The S&P 500 finished lower on Monday, erasing earlier gains that brought the benchmark index to trade at its highest level on an intraday basis in nine months.
The S&P lost 0.2% to finish at 4,273.79, while the Nasdaq Composite dipped 0.09% to close at 13,229.43. The Dow Jones Industrial Average dropped 199.90 points, or 0.59%, to end at 33,562.86.
Apple lost about 0.8%, retreating from all-time highs touched earlier in the session. The iPhone maker on Monday unveiled its highly anticipated virtual reality headset and a slew of software updates at its annual Worldwide Developers Conference.
Intel shed 4.6% as Apple revealed a new chip, while Nvidia pulled back on valuation concerns after its recent surge. JPMorgan Chase and Goldman Sachs struggled amid news that regulators are considering upping capital requirements at large banks.
Markets are "catching their breath after Friday's broad-based rally," said Ryan Detrick, chief market strategist at the Carson Group. "It's a very lackluster news day, which isn't a bad thing as we consolidate some of those big recent gains we've had."

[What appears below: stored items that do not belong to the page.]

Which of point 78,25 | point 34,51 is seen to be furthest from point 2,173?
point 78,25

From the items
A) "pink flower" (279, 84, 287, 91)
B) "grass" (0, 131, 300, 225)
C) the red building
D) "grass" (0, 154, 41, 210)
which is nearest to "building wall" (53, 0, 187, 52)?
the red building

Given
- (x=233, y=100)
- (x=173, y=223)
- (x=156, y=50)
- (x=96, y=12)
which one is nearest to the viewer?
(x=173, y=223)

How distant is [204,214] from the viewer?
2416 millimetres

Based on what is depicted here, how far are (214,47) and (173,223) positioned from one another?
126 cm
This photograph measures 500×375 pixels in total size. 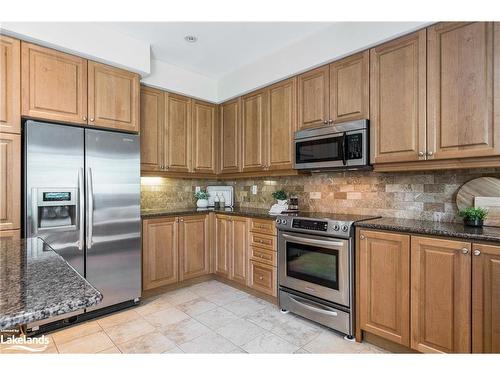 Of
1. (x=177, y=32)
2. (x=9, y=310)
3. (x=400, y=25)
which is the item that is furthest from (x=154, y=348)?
(x=400, y=25)

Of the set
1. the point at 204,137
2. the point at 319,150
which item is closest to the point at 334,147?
the point at 319,150

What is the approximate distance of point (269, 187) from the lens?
3795 mm

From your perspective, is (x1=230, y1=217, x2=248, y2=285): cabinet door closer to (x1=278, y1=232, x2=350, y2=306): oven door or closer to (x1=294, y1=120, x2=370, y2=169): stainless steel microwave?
(x1=278, y1=232, x2=350, y2=306): oven door

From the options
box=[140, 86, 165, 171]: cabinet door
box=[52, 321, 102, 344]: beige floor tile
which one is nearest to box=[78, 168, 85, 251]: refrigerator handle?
box=[52, 321, 102, 344]: beige floor tile

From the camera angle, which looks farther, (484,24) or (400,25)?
(400,25)

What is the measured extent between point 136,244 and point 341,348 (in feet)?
6.86

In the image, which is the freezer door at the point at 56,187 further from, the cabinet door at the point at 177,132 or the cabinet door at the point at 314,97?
the cabinet door at the point at 314,97

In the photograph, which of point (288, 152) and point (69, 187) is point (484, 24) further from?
point (69, 187)

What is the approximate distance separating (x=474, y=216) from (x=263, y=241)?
1815 mm

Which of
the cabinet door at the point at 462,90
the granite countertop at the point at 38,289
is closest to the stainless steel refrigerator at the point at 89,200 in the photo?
the granite countertop at the point at 38,289

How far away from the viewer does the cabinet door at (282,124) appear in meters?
3.07

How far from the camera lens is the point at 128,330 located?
2432mm

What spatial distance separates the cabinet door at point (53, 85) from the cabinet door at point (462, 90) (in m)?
2.91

Stocks rallied last week as Friday's May jobs report signaled to some investors that the long-anticipated recession may no longer be in the cards for the economy — or at least pushed off until 2024. The passage of the debt ceiling bill also boosted investor sentiment.
"What the market is doing ... I think is appropriate, but there are things that we don't know yet and the big issue is the Fed," Mohamed El-Erian told CNBC's "Squawk Box" on Monday.
The Allianz chief economic advisor noted that while major debt and banking fears have dissipated, what comes next hinges on the Federal Reserve's target for bringing down inflation. Markets would appear fairly priced if the central bank "acknowledges that 2% is the wrong target," he said.
Despite recent moves, worries persist over 2023's narrow stock market rally, led by just a handful of tech names, and whether there could be an intermediate-term correction if breadth fails to improve.
"We think as long as the economy continues to chug along and doesn't show any signs of recession —which so far it hasn't — the rest of the market can play catch up, and we'll see some of those other sectors close the gap a little bit," said Chris Zaccarelli, chief investment officer at Independent Advisor Alliance.